Ruth Etting - a big singing star back then
- begins the film with Keep Romance Alive - on a radio show with oodles of
models in baths or wearing flimsy clothes that you would never allow your
daughter to go out wearing. They look to be cloth toilet seat covers over
their breasts and below the waist. Etting unfortunately disappears after
her number - maybe she realized this was a Wheeler-Woolsey film. The radio
show is sponsored by a fashion and make-up company owned by Thelma Todd.
Thelma was a big comedy star in the silent days and when talkies came along,
she did a series of comedy shorts with Zasu Pitts that were well received.
She is perhaps most famous now though for her mysterious death. She was found
dead in the garage of a friend in 1935 at the age of 29 after a party hosted
by Ida Lupino - called suicide or accident with carbon monoxide but many
people thought it was murder. It is a fascinating story that the press jumped
on with its connections to the mob (Luciano), an ex-lover, his wife, drugs
and other actresses. I am sure I have read a detective novel based
on much of this, but the title won't come to me. Will drive me nuts.
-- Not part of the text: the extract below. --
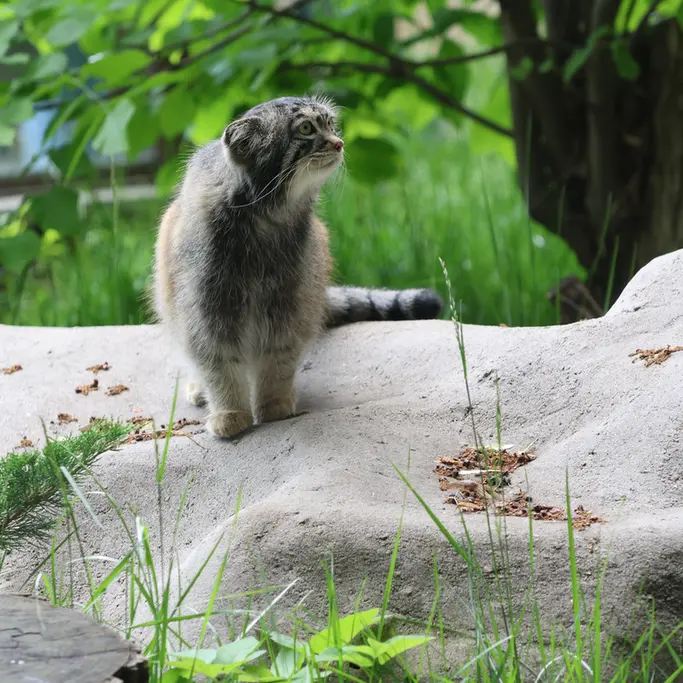 A photograph of Timofey in Moscow zoo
Dorothy is a salesperson of lipstick who
works in the picture window for people walking by, but they all leave to
watch W&W sell flavored lipstick across the street. They con Dorothy
and Thelma into thinking they are big operators - their little con gets funny
when they trick a businessman into leaving his office. "Call him up and tell
him some bad news so he has to go home", "I'll tell him his wife left him",
"That's not bad news". They end up telling him his house is on fire and they
occupy the office when the two women come by. Lots of innuendos and flirtations
but the big play is a wonderful song - Just keep doing what you are doing,
though it is leading me to ruin - and turns into a nutty dance that is delightful.
Later they get a foothold in the company to sell their flavored lipstick
but first they have to test them. They line up six lovely women who put lipstick
on and two of them have to tell the flavor by kissing the girls. The film
is filled with gorgeous women - all supplied by RKO. This is directed by
Mark Sandrich who was to direct another W&W before he moved on to a classier
duo - Astaire and Rogers - directing five of their films.